There was also a beautiful, beautiful garden, that seemed to stretch on forever. There was a forest and an actual lake. I very much felt like I was in one of those period pieces, running around the gardens and down marble staircases, with not a worry in the world but court gossip and my possible marriage to a foreign head of state.

I’m definitely keeping an eye out for cheap flights and bus tickets so I can do some traveling on my own as well, but it’s nice that we got to do a little tourism around here too–we took the RER to Versailles, which was quick and easy with our metro cards.

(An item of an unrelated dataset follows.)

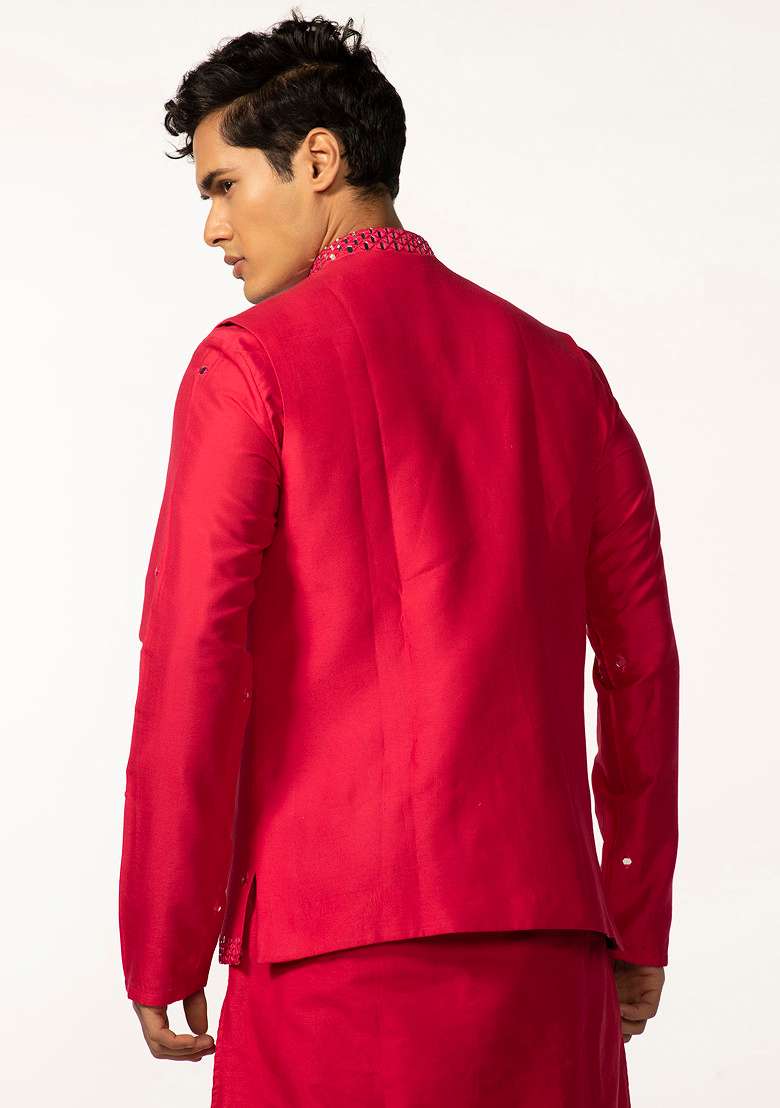 Hot Pink Mirror Work Bundi Jacket For Men - Indya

In other news: I’ve been here for a little over a month and still keep committing the most annoying faux pas. For example, there is math involved in what greeting one should use when running into someone you know, or when walking into a store–if it’s earlier than 5 PM, you should probably use bonjour, but after 6 or 7 PM, bonsoir is recommended…except that’s not always the case. Sometimes you just say bonjour all the time…except when it’s already dark outside. Anyway. It might seem like a silly worry, but that’s only if you have not been severely judged by an elderly french lady for accidentally saying bonsoir madame at the wrong time.

So yeah, you can find me digging a hole by the closed-off playground in the Luxembourg gardens, where I will be burying myself and never coming out until the sun dies and it’s dark all the time and I can just use bonsoir no matter what times it is.

-Alina

First Month!

Alright, so.

I’ve been in France for a whole month now, and I can confidently say that I have never, in my entire life, eaten this many baguettes. They’re everywhere. My friends have started sending me tips on how to adequately adapt to this new baguette onslaught, including a Baguette Pack™–a bread-shaped backpack to fulfill all my bread-erly needs. Thanks guys.

Things have been interesting so far! The whole you-must-speak-french-at-all-times-or-you-will-die thing can be a little overwhelming at times, but I’ve already reached a point where I can hold entire conversations in French without wanting to crawl into a deep dark hole afterwards–which, by the way, is a vast improvement from the first week of orientation in Biarritz. The memory of the first dinner with my Biarritz host family, and it’s long stretches of absolute silence, will probably haunt me for some time.

I’m now living with my host family in Paris, and I’m really enjoying it so far. My living situation is a little different than most students in the Hamilton in France program: instead of living in the apartment with the host family, I live in a separate room six floors above them! It’s tiny, but I have my own shower and a baby kitchen. Another student in the program lives in the actual apartment with them, and I go down in the evenings to eat dinner with them. My neighbors seem to be mostly students, and the walls are very thin, so there are times that I feel like I’m right back in a Hamilton dorm room. Except it’s all in french.

The apartment is also very conveniently located in the seventh/fifteenth arrondissement division– I’m a ten minute walk from the Eiffel Tower, Montparnasse and Les Invalides. Sometimes I’ll be heading to the grocery store and I’ll casually glance over my shoulder only to see the Eiffel Tower, and I have to pinch myself. There’s also a nice park area in front of the apartment, and there are always people there–runners, children, yoga people, dogs, couples, some more dogs. At night, it gets pitch dark, but towards the end of the week teenagers like hanging out there (it’s actually a little funny that they don’t even use their phone flashlights).I’ve also kinda fallen in love with the metro. I know that sounds a bit weird, especially since it smells like pee a lot of the time and it’s always a little sweaty, but it keeps me from having to walk an hour to class, gives me nearly unlimited access to all of Paris, and gives me free time to read. I take the 6th a lot and I love it–it’s rickety on the outside, but it goes above ground and I get to see Paris on the way to class. I also end up seeing a lot of interesting people! For example, this girl that was full of coincidences:

I’m still adapting to classes and the mammoth that is the french education system, but that’s a whole other post.